DATA TO EXAMINE:
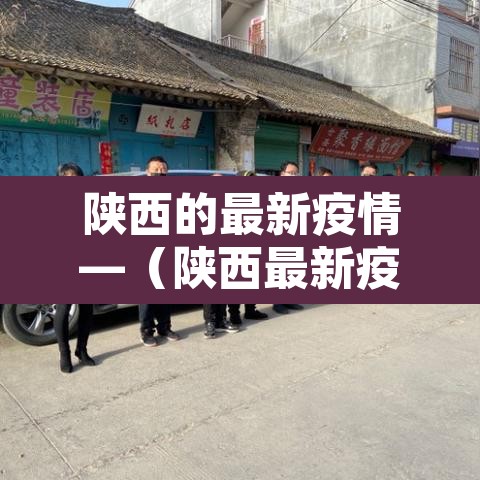 陕西的最新疫情—(陕西最新疫情最新政策) 陕西的最新疫情—(陕西最新疫情最新政策)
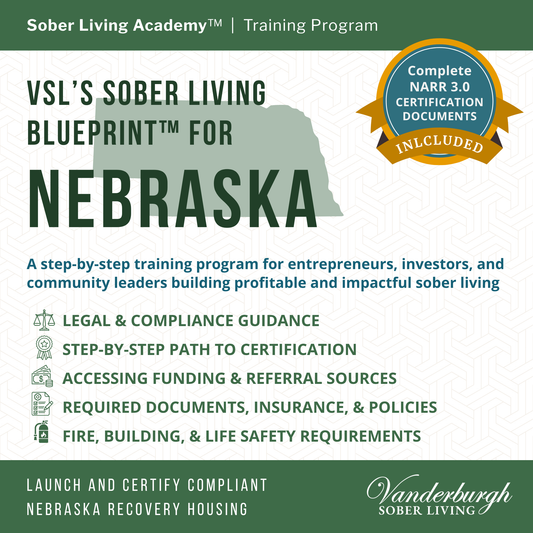 The Nebraska Sober Living Blueprint — Templates and Documents for Sober House Operators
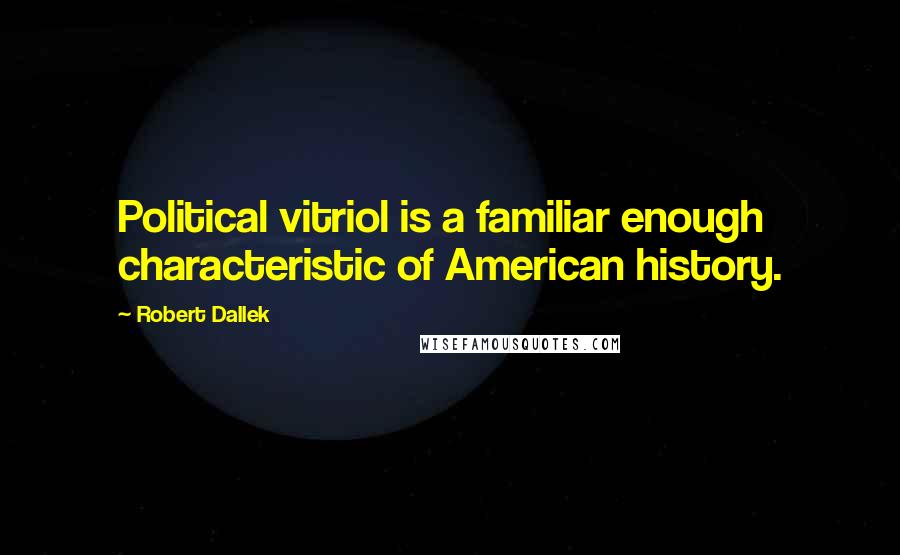 Robert Dallek Quotes: Political vitriol is a familiar enough characteristic of American history.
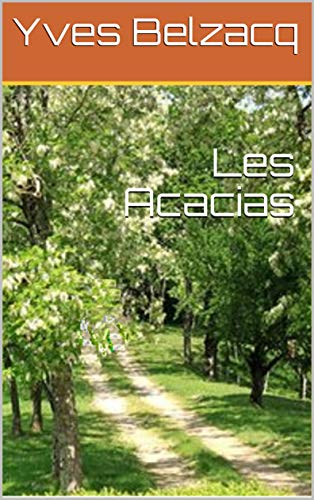 Les Acacias (Les Rabalaïres) (French Edition)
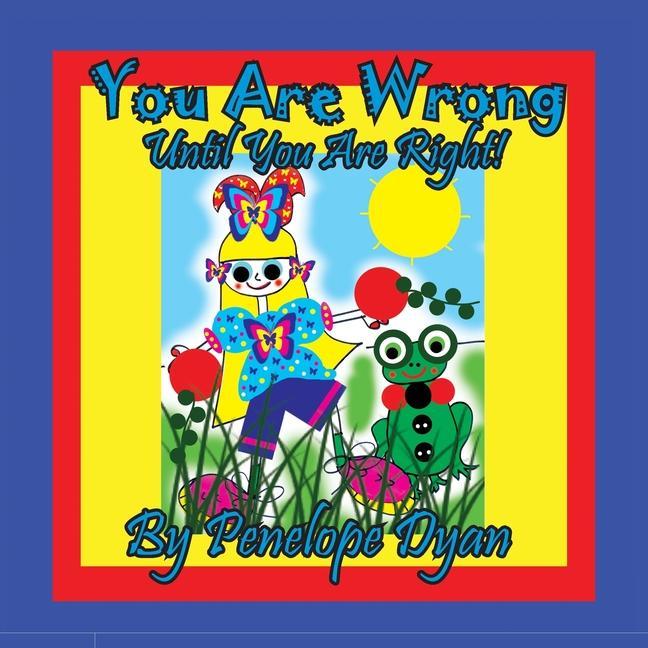 Book You Are Wrong . . . Until You Are Right! Penelope Dyan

DIRECTIONS FOR THIS TASK:
Copy out the whole listing exactly. Skip its pictures.

SOLUTION:
 陕西的最新疫情—(陕西最新疫情最新政策) 陕西的最新疫情—(陕西最新疫情最新政策)
 The Nebraska Sober Living Blueprint — Templates and Documents for Sober House Operators
 Robert Dallek Quotes: Political vitriol is a familiar enough characteristic of American history.
 Les Acacias (Les Rabalaïres) (French Edition)
 Book You Are Wrong . . . Until You Are Right! Penelope Dyan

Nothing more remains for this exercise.